そのため、従来、シリコーン樹脂と被着体との貼合には、専用接着剤の使用や溶着等が用いられてきた(特許文献1参照)。しかしながら、接着剤に含まれる有機成分の溶出により、人体への影響が懸念されていた。また、溶着の場合、融点が低い樹脂フィルム等の被着体には、適用できないという問題点が存在した。
また、特許文献2には、シリコーンゴム成形体表面に、電子線を吸収線量が100kGy以上になるように照射した後、着色層、透明層及び接着層のいずれか1層又は2層以上を設けることを特徴とするシリコーンゴム成形体の製造方法が開示されている。
しかしながら、プラスチックフィルムとの積層技術については言及されていない。
特開平11−255926号公報 特開2002−363318号公報
本発明は上記の背景技術に鑑みてなされたものであり、その目的は、シリコーン樹脂との接着性に優れた積層フィルムを提供することにある。
本発明者らは、上記課題を解決するため、鋭意検討した結果、樹脂フィルムの表面に有機珪素化合物の蒸着膜を形成し、さらに蒸着膜上に酸素プラズマ処理を施したプラズマ処理面を形成して、プラズマ処理面の水の接触角を特定の範囲内にすることで、シリコーン樹脂との接着性に優れた積層フィルムを提供できることを知見した。本発明は、かかる知見に基づいて完成されたものである。
すなわち、本発明の一態様によれば、
シリコーン樹脂と接着させるための積層フィルムであって、
樹脂フィルムと、前記樹脂フィルムの少なくとも一方の面上に形成された接着層とを備え、
前記接着層は、有機珪素化合物を含む蒸着用ガス組成物を用いたプラズマ気相化学蒸着法により形成された蒸着膜を含み、前記蒸着膜上に酸素プラズマ処理を施したプラズマ処理面が形成されてなり、
前記接着層のプラズマ処理面の水の接触角が、1°以上35°以下である積層フィルムが提供される。
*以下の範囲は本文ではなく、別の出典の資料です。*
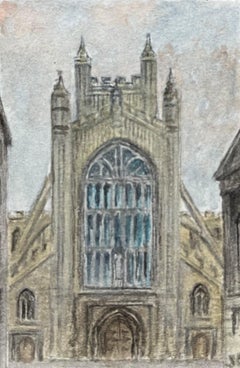 Acuarela histórica en miniatura de la Abadía de Bath Vista desde la fachada oeste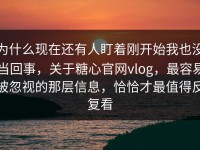 为什么现在还有人盯着刚开始我也没当回事，关于糖心官网vlog，最容易被忽视的那层信息，恰恰才最值得反复看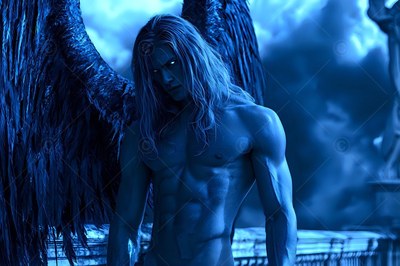 A shirtless man with dark wings is standing outside under a cold blue sky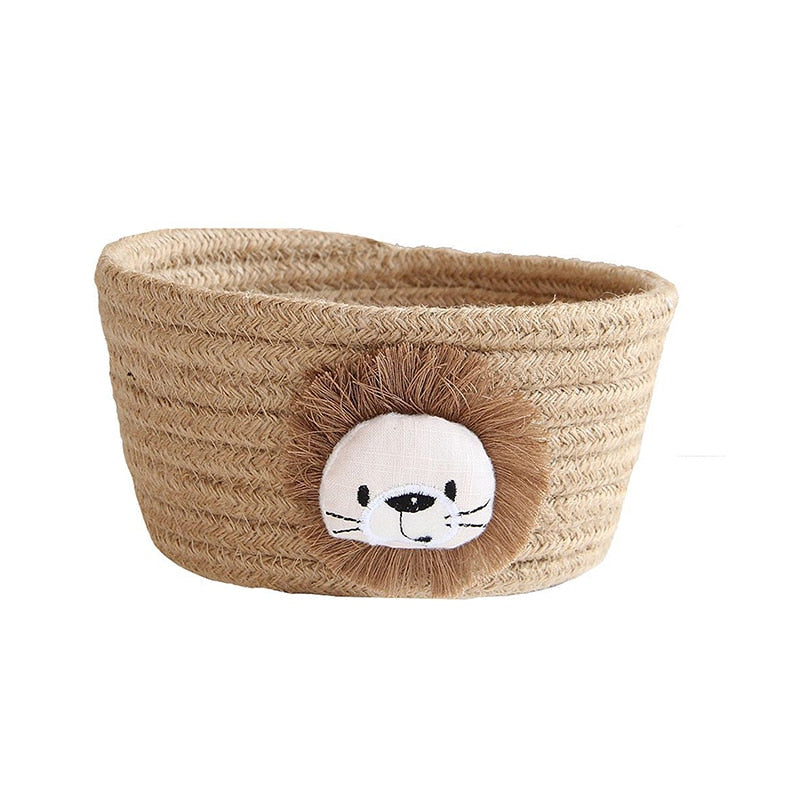 Lion Hand-Woven Storage Basket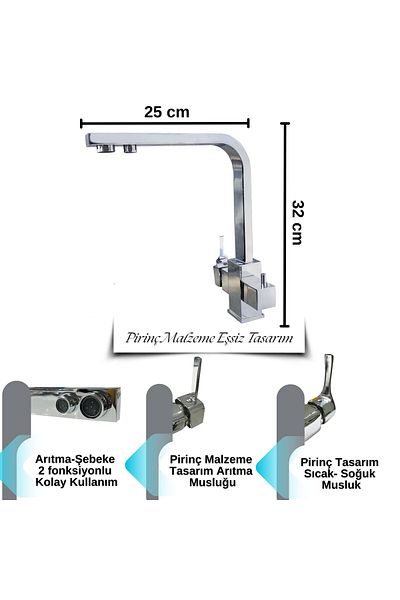 Evora 3 Way Tap Plus Water Purification Tap Three Way Multiple Tap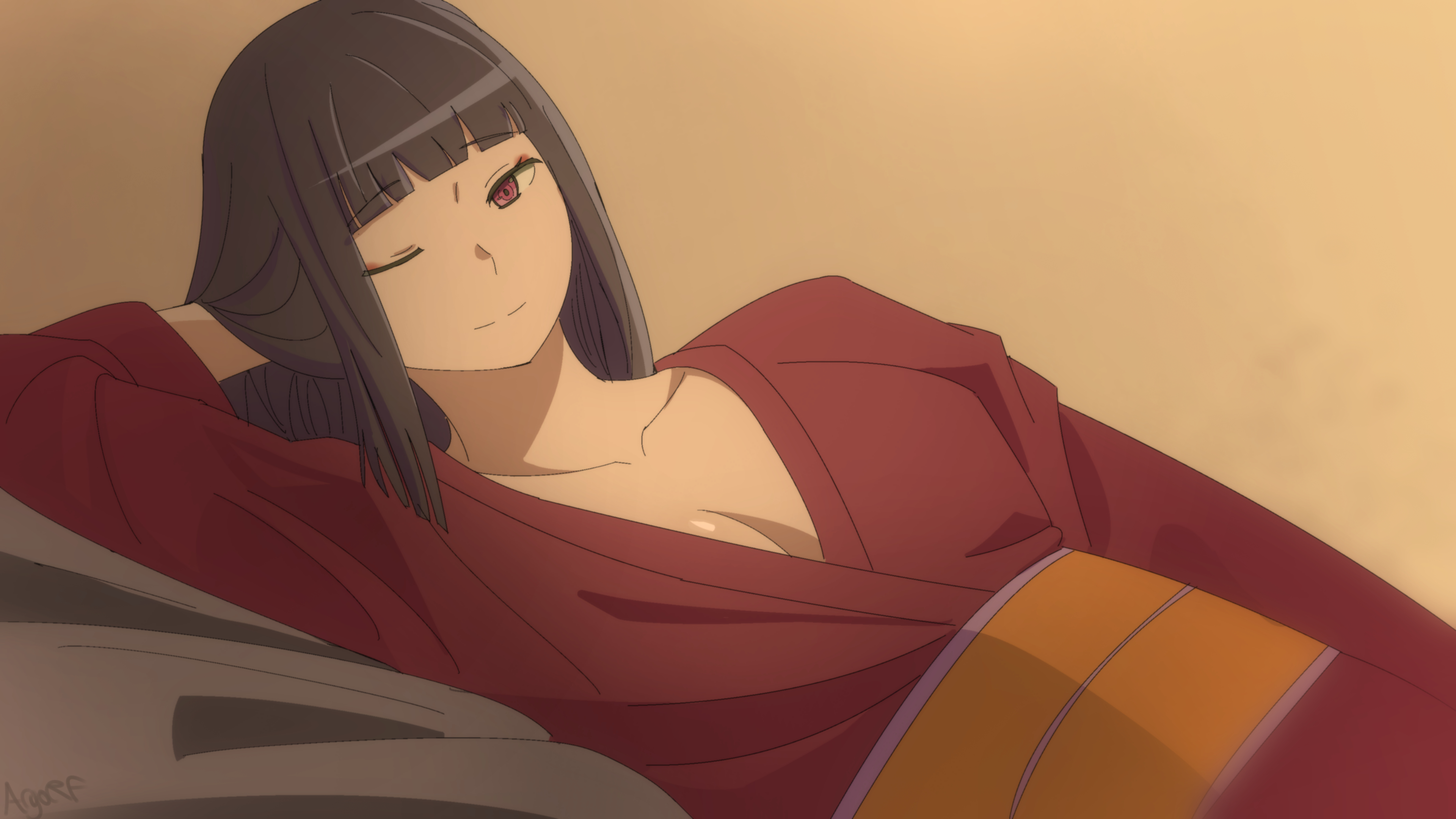 gojouno kaguya, dungeon ni deai wo motomeru no wa machigatteiru darou ka, absurdres, highres, 1girl, argo rf, blunt bangs, breasts, cleavage, indoors, japanese clothes, kimono, long hair, looking at viewer, lying, makeup, on bed, on side, one eye closed, orange sash, red eyes, red kimono, simple background, smile, solo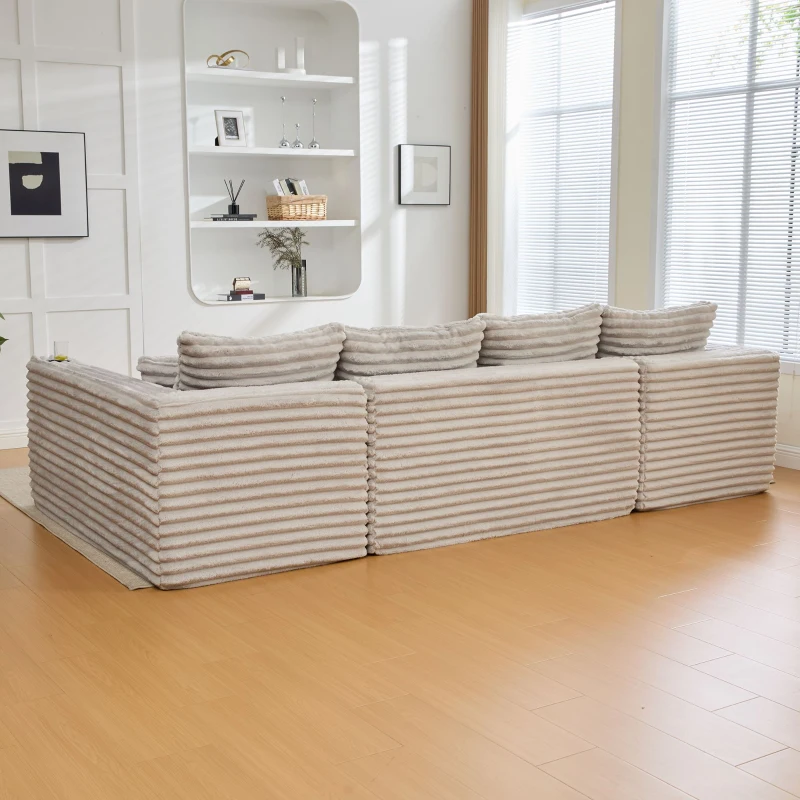 Divano a U in velluto a coste con portabicchieri integrato e tasca laterale, imbottitura a molle, 320x155x88 cm, Grigio chiaro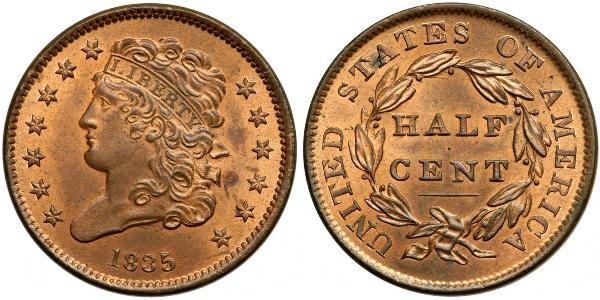 1/2 Цент США (1776 - ) Медь 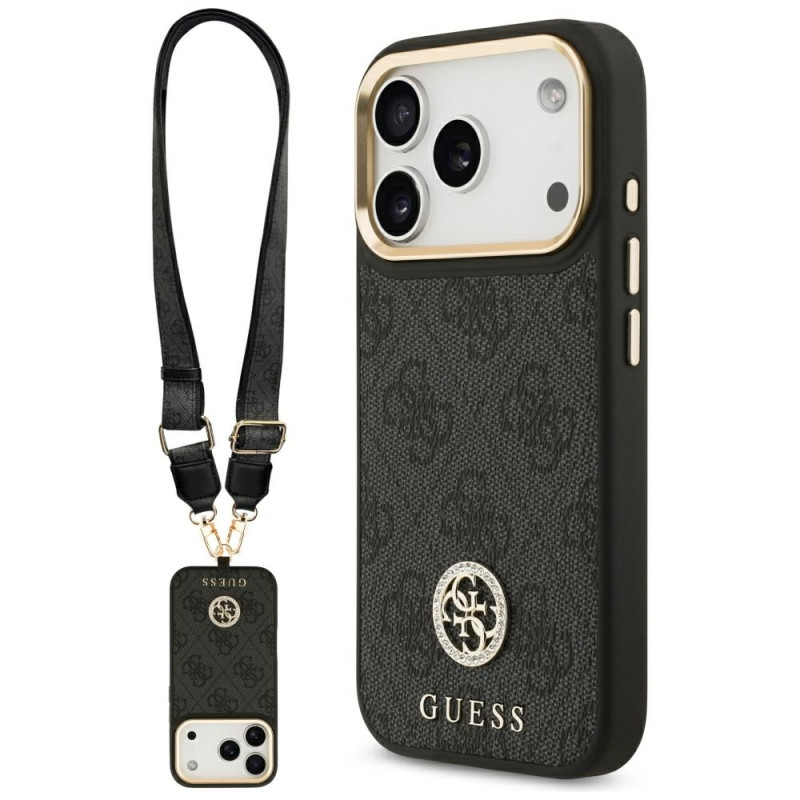 Kryt Guess 4G STRASS LOGO & BIG STRAP pro iPhone 17 Pro - černý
本発明の態様においては、前記樹脂フィルムが、ポリエステル樹脂、ポリオレフィン樹脂、ポリカーボネート樹脂、フッ素系樹脂、ポリ塩化ビニル樹脂、およびポリイミド樹脂からなる群から選択されることが好ましい。
本発明の態様においては、前記接着層の厚みが、5nm以上200nm以下であることが好ましい。
本発明の別の態様によれば、
上記の積層フィルムとシリコーン樹脂とを備えるシリコーン樹脂成型体であって、
前記積層フィルムのプラズマ処理面が前記シリコーン樹脂と接着してなる、シリコーン樹脂成型体が提供される。
本発明のさらに別の態様によれば、
シリコーン樹脂と接着させるための積層フィルムの製造方法であって、
樹脂フィルムの少なくとも一方の面上に、有機珪素化合物を含む蒸着用ガス組成物を用いたプラズマ気相化学蒸着法により蒸着膜を形成する工程と、
前記蒸着膜の表面に、酸素ガスを用いた酸素プラズマ処理により、プラズマ処理面を形成する工程と、
を含む、積層フィルムの製造方法が提供される。
本発明によれば、シリコーン樹脂との接着性に優れた積層フィルムを提供することができる。また、本発明によれば、当該積層フィルムと、シリコーン樹脂とを備えるシリコーン樹脂成型体を提供することもできる。さらに、本発明によれば、当該積層フィルムの製造方法を提供することもできる。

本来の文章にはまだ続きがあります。